SaaSpocalypse refers to the possibility of AI agents replacing enterprise software by automating similar tasks at a significantly lower cost, according to previous reporting by FinAi News, a sister publication of Equipment Finance News.
Infrastructure improvements
Solifi, which provides front- and back-office solutions for asset-based lenders, is investing in infrastructure layer improvements to enhance data strategies, cybersecurity, API integration and workflow intelligence, Mehta said.
“We are going to deliver those things to you using the appropriate AI infrastructure, whether that happens to be a skill, … a tool [or] … an agent,” he said.
Lenders that use Solifi include:
- DLL;
- Huntington Bank;
- Hyundai Capital America;
- Paccar Financial;
- PEAC Solutions;
- Toyota Financial Services; and
- U.S. Bank.
Solifi manages more than $165 billion in transaction volume across its global portfolio, according to the company.
Five-level approach
Solifi has broken its AI implementation into five levels, Mehta said.
The company now is at the third level, which is centered on testing, product development and data-driven insights, he said, adding that the first two levels comprised a controlled rollout of practical AI tools.
Solifi is eyeing the fourth level, which involves AI systems communicating with each other in a limited capacity while agentic solutions are introduced, he said.

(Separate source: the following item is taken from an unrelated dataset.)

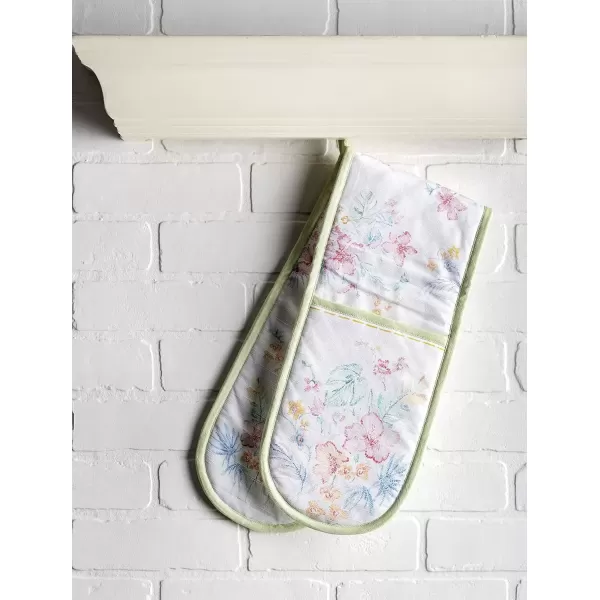 imageMaison d Hermine Double Oven Gloves 100 Cotton Double Oven Mitt Heat Resistant BBQ Cooking Gloves with Loop Grilling Handling Hot Pans Colmar  SpringSummer 7quotx35quot52  Paradise Island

The fintech eventually intends to reach the final level, an AI-native organization with autonomous systems “talking to each other” at scale while humans are “watching to make sure that they’re providing governance.”

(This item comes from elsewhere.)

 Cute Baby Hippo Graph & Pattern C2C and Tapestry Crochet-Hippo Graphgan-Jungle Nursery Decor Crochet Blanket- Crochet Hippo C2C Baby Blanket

Ultimately, Solifi is taking action to “absorb AI velocity in a quick manner,” Mehta said.
“My job is to make sure that we introduce AI without throwing SaaS out of the backbone,” he said.

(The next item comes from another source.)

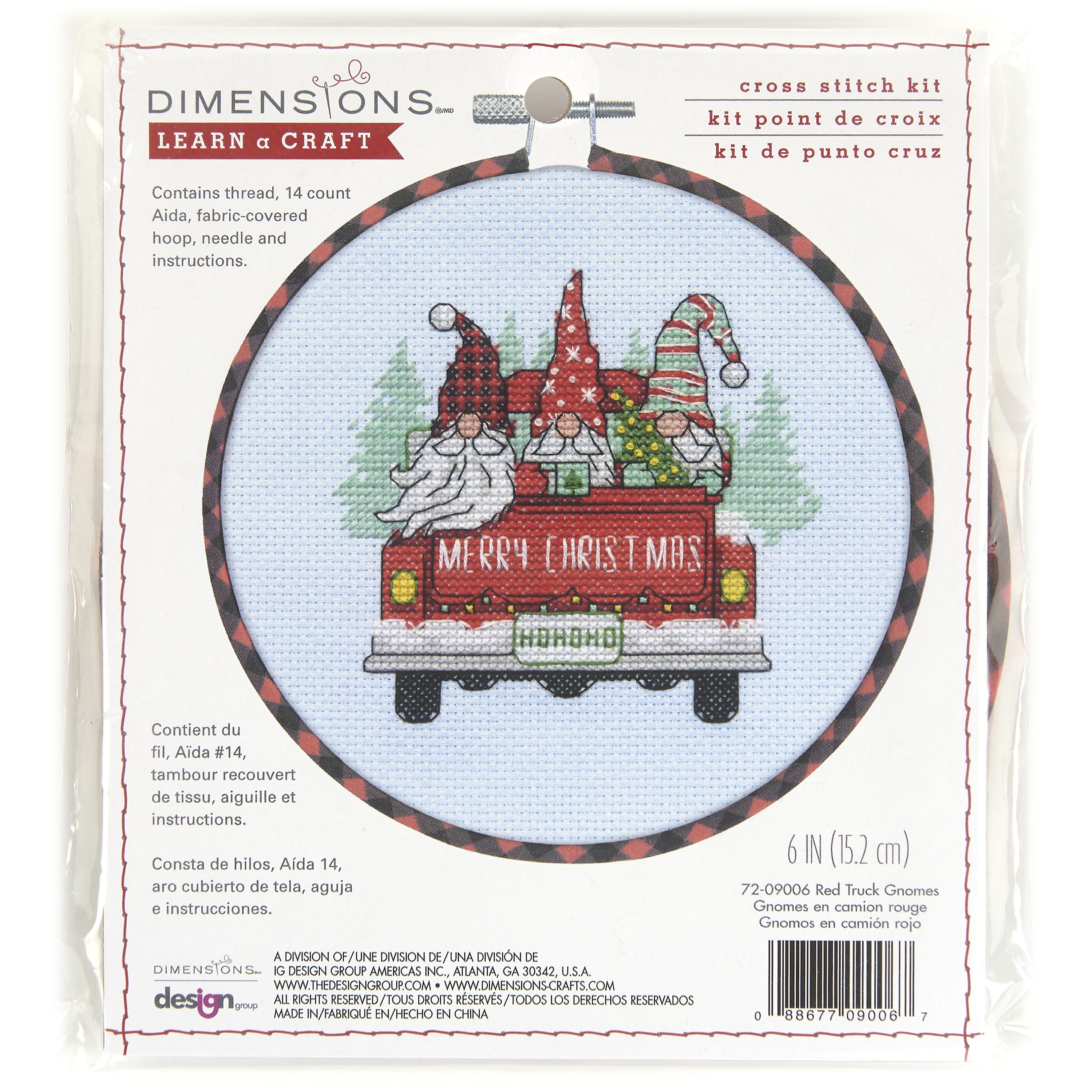 Dimensions Learn a Craft Red Truck Gnomes Cross Stitch Kit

Who survives SaaSpocalypse?
Bessemer Venture Fund’s EMCLOUD index, which measures the collective performance of key publicly traded software companies, has dropped 12.3% since the start of 2026 and 15.1% over the past 12 months.
There are more than 30,000 SaaS companies globally, with roughly 17,000 in the United States, according to research firm Statista.
SaaS companies that do not have their own proprietary data are unlikely to survive the agentic era, Robert Cooke, chief executive of enterprise software firm 3forge, told FinAi News.
For companies that have intellectual property and provide “complex software,” demand is “going to go through the roof,” Cooke said.
“Companies that actually build intellectual property, that build software, I think they’re in a different position,” he said.
Editor’s note: This story first appeared on FinAi News, a sister publication of Equipment Finance News.